The quartet, who have a UK tour booked for April/May 2021, have more than 2.1 million monthly Spotify listeners and retain a loyal overseas fanbase. “We’re seeing widespread support internationally, with the key regions being Europe, Latin America and Mexico, some nice radio traction in the US and a lot of enthusiasm coming from Japan,” says Terry Felgate, BMG’s VP, global repertoire and marketing.
“They’ve been working around the restrictions of the Covid pandemic to deliver us content that travels well.

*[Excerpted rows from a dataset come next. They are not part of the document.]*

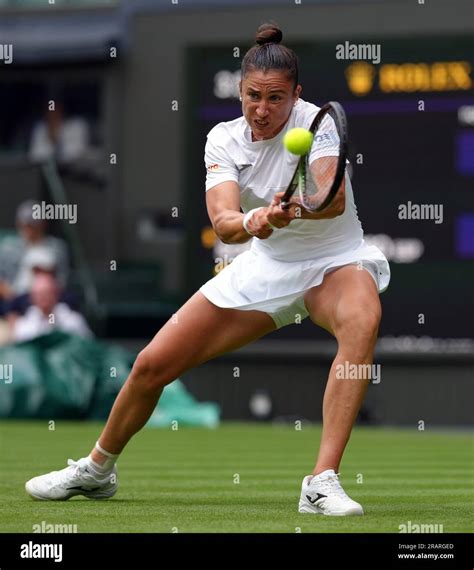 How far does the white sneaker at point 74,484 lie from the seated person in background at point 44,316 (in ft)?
29.2

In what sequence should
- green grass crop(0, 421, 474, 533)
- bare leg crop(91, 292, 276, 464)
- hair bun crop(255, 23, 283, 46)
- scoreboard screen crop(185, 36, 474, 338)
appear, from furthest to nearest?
scoreboard screen crop(185, 36, 474, 338) → bare leg crop(91, 292, 276, 464) → hair bun crop(255, 23, 283, 46) → green grass crop(0, 421, 474, 533)

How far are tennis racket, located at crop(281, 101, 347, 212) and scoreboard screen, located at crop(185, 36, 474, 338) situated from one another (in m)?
8.82

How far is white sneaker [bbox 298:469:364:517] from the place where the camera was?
6695 millimetres

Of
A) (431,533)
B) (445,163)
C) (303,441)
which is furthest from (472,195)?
(431,533)

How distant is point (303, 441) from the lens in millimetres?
13641

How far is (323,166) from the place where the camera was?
6.78 meters

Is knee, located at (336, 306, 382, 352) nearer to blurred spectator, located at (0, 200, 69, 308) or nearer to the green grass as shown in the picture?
the green grass

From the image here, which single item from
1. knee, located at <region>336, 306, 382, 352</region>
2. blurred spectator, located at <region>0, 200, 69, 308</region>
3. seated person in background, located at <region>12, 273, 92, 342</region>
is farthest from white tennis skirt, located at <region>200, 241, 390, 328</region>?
blurred spectator, located at <region>0, 200, 69, 308</region>

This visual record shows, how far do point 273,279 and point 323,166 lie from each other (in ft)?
2.02

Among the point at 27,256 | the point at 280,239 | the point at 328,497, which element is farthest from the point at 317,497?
the point at 27,256

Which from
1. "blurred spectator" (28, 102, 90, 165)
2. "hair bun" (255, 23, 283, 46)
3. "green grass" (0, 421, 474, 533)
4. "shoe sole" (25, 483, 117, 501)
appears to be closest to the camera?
"green grass" (0, 421, 474, 533)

It feels really buoyant.”
Felgate suggests the band’s streaming figures display greater potential outside the UK, with their physical sales taking precedence in Europe. “If we maintain that profile through to the end of the year then my long-term ambitions are to be able to see how we can work the record across 2021, when hopefully live comes back into play,” he says.
Greengrass is setting her sights simply on bettering the No.5 UK peak achieved last time around. “It’d be lovely if this could be Top 3,” she smiles.
“We want to have a very strong chart entry, but what’s more important is that we have an album that hangs around and has a life beyond week one – and not just in the UK,” asserts Norbury. “It’s important this resonates internationally, so we have very high expectations.”
“It’s about delivering the project back to their base so they get the opportunity to reconnect there and hopefully highlight that to potential new fans,” suggests Nelson. “When the writing is as good as it is on this record, they’ll always find new fans.”
Healy concedes it is rare for an act to still be producing work to rank alongside their best this deep into their career. “Unless you’re Paul Simon,” he counters, with a grin. “I’ve always secretly had this thought of, ‘OK, Paul Simon did Graceland when he was in his 40s’. I still feel like I’m learning and I stil feel like I’ve got songs in me, so I don’t know...”
And despite all the uncertainty of the current climate, Healy prefers to focus on the positives.
“It is a watershed moment in our history,” he declares. “We’re living through history right now. For better or for worse, that’s what’s happening and you can either sink or swim, and just get on with it and adapt. And I think that’s what’s happening, so it’s cool. “Travis have never been fashionable. If we ever are, then it’s by complete mistake. But if we do get lucky and the wind is in our sails, I think we’ve got one of the best records we’ve ever made to go with.”